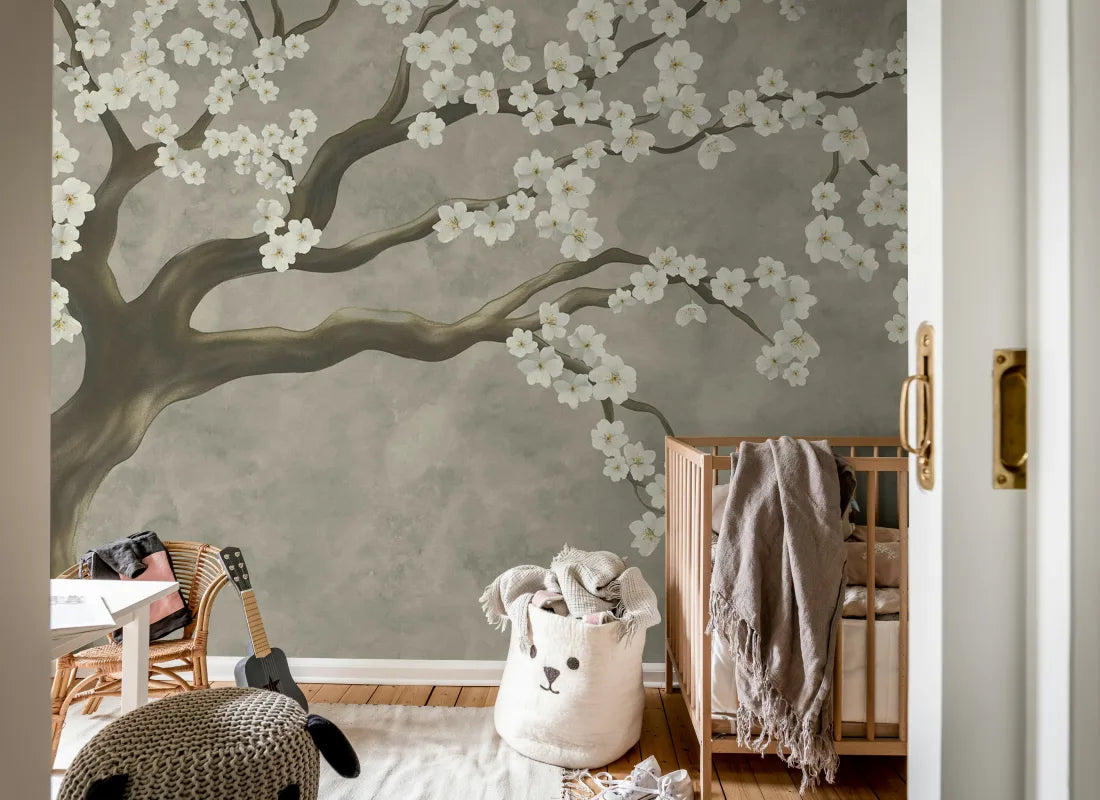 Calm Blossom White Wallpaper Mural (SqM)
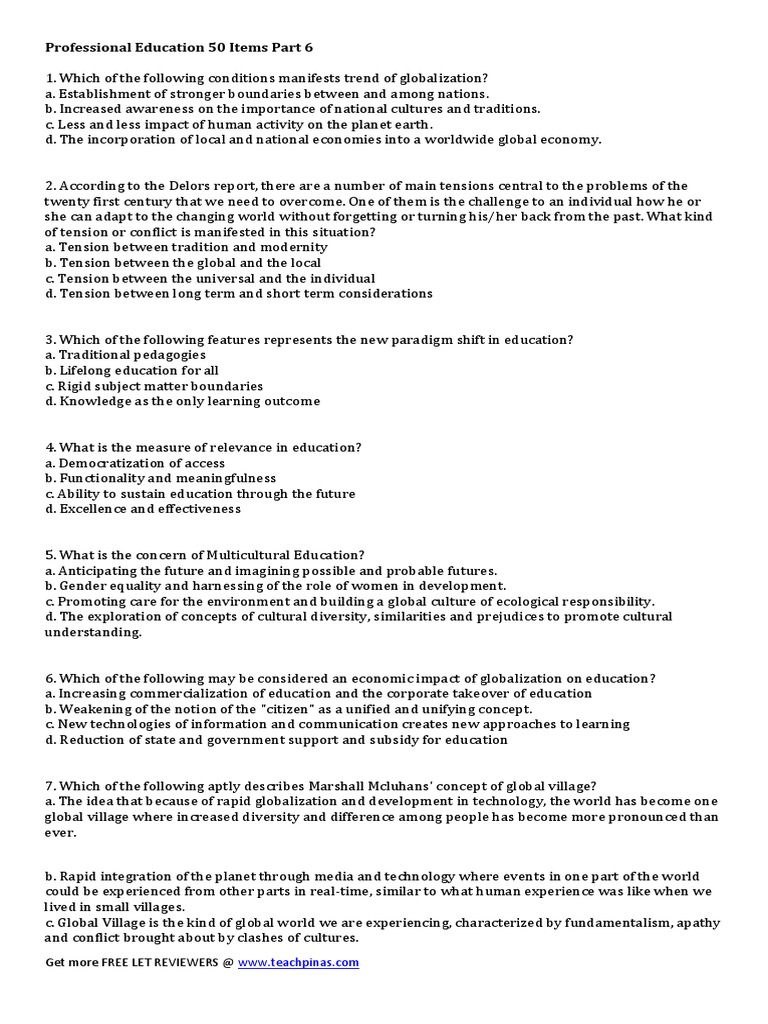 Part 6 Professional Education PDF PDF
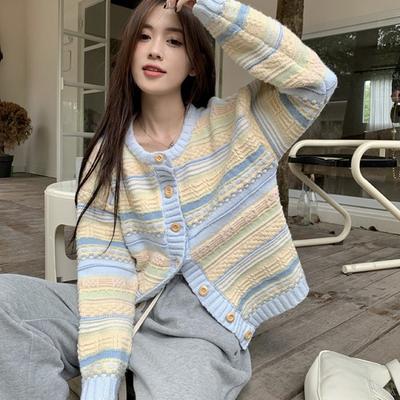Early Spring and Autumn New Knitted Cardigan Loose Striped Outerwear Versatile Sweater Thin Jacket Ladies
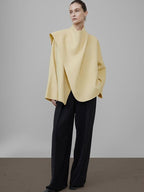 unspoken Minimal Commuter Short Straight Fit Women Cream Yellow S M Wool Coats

========================================

_What is required_: Pictures do not belong in the copy. Reproduce the rest of the data exactly.

_Answer_:
 Calm Blossom White Wallpaper Mural (SqM)
 Part 6 Professional Education PDF PDF
Early Spring and Autumn New Knitted Cardigan Loose Striped Outerwear Versatile Sweater Thin Jacket Ladies
 unspoken Minimal Commuter Short Straight Fit Women Cream Yellow S M Wool Coats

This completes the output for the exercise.